LANSING — Eighteen years ago, David Aben lost his cousin during the attacks on 9/11.

At the time, Aben was heading out on his boat with friends and family. Before leaving, he said his friend came down to tell him that the World Trade Center had been hit. With the boat loaded and his kids eager to get out on the water, he took a moment to sit down in the captain’s chair, think, and he ultimately decided to leave the dock.

“They wanted us to stop,” Aben said. “There’s nothing I can do — nothing — so we went out, and we had our day.”

But Aben couldn’t stop thinking, he said. Out on the water, he remembered how his uncle always would visit the WTC to see his daughter, Debbie Bellows, who worked in the South Tower of the WTC. After returning home, Aben called his uncle, but there was no answer.

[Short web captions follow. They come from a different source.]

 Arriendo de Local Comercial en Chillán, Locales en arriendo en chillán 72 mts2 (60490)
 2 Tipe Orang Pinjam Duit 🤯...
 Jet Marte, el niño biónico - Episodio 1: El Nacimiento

“Two days, three days, and then he finally called and said, ‘They got Debbie, they got Debbie,’ and we were just mortified,” Aben said.

It was in that moment that Aben, a photographer, graphic designer and former U.S. Navy operations specialist, decided to go back to the drawing board.

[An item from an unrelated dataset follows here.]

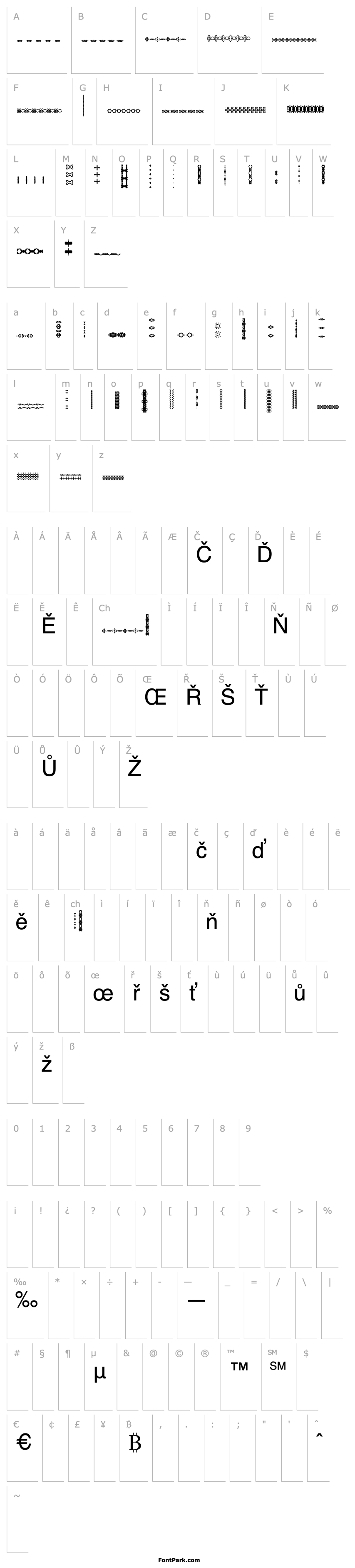 Přehled LSLines5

One year prior to Sept. 11, 2001, Aben visited New York City with his family. Originally from Queens, N.Y., he was no stranger to the city and its towering skyscrapers, but it was during that visit when he realized he had never taken a photo of the World Trade Center.

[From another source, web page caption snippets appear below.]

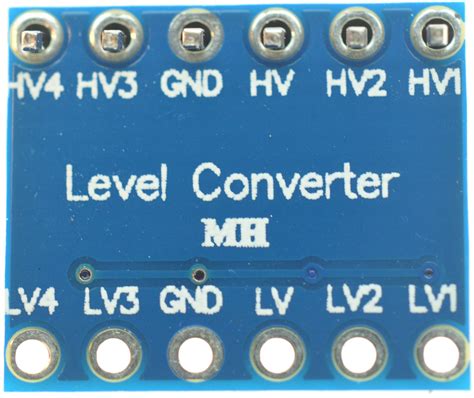 Image result for Level Converter with Arduino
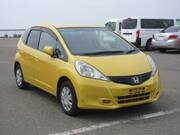 2010 HONDA FIT L
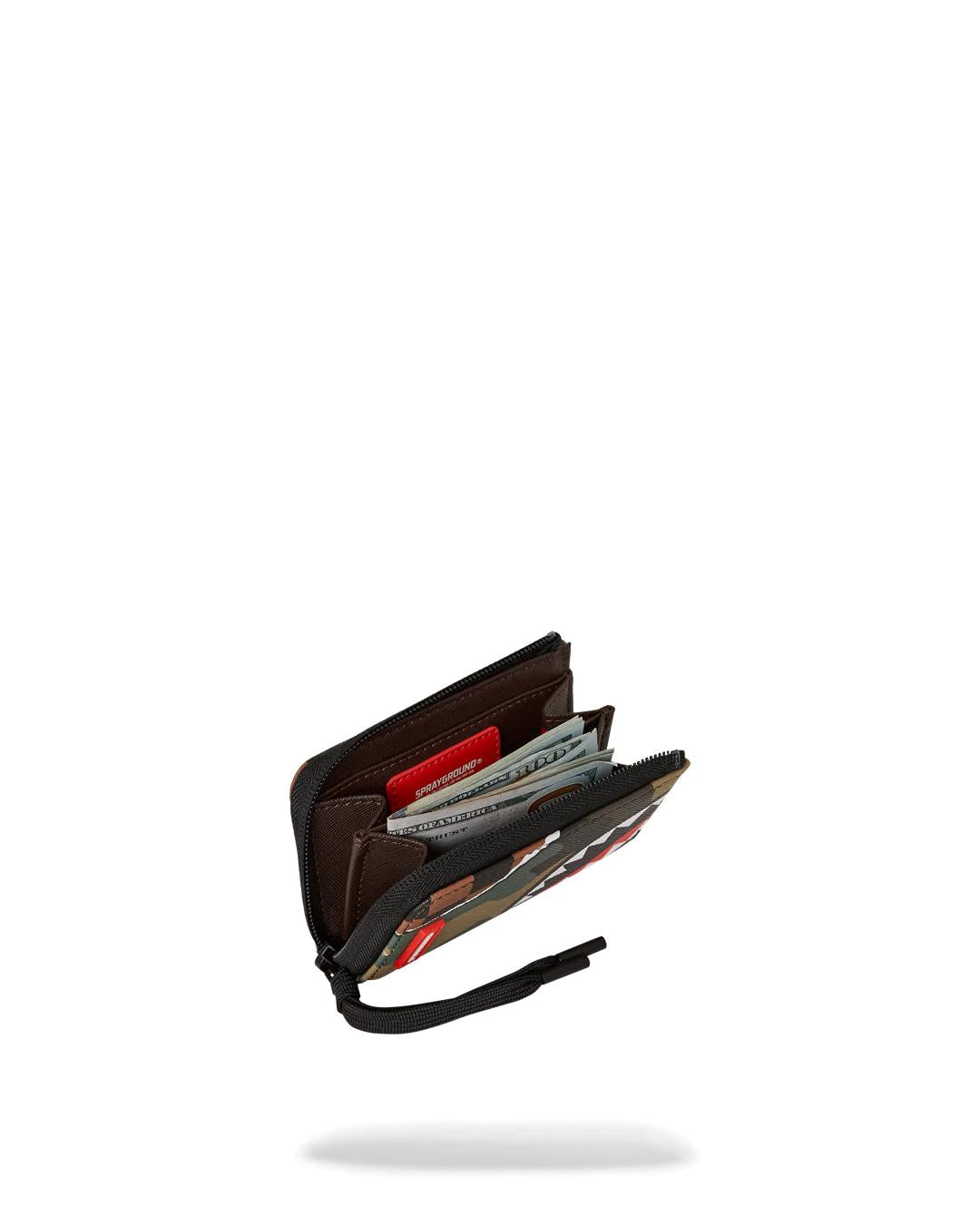 Sprayground UNSTOPPABLE ENDEAVORS III WALLET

After asking his family to block traffic, he laid down on the street and took the photo — a picture he would then use one year later to memorialize not only his cousin, but the thousands of men and women who lost their lives at the World Trade Center on 9/11.

The initial design for the memorial print came only days after the 9/11 attacks, Aben said, consisting of an American flag superimposed over his image of the World Trade Center. After learning of his cousin’s death, he then added a photo of her to the design.

“Then, I had an idea after I saw the stars and everything — let me get the names of the victims,” Aben said.

After collecting the names of all of the victims of the attack, Aben placed each name, one by one, on the image. He said that all of the major ladders who participated in rescue efforts on 9/11 amounted to the number of stars in the flag, placing those fire departments, engines, police departments and precincts within the stars.

From start to finish, Aben said the project took around three months, completing the final memorial print on Nov. 9, 2001. After it was finished, he then set out to share it with as many first responders as he could.

Aben and his wife, living at the time in Apex, N.C., then returned to New York City and visited every police and fire department they came across to offer them a copy of the memorial print, he said.

“There are some people who just don’t want to remember,” Aben said. “This is a day where everybody should remember.”

Aben donated the original copy of the print to the International Association of Firefighters to use as a fundraiser, he said. He received recognition from a number of people for the memorial, including the chiefs of the New York City fire and police departments.

Currently, Aben lives in Lansing with his wife. During the past 18 years, he said he has donated at least 300 copies and visited around 200 police and fire departments.

This year on Sept. 11, he visited local businesses around Ashe County to offer copies of the memorial for a donation. He then donated those funds to Fleetwood Volunteer Fire and Rescue, he said.

“I don’t want people to forget,” Aben said.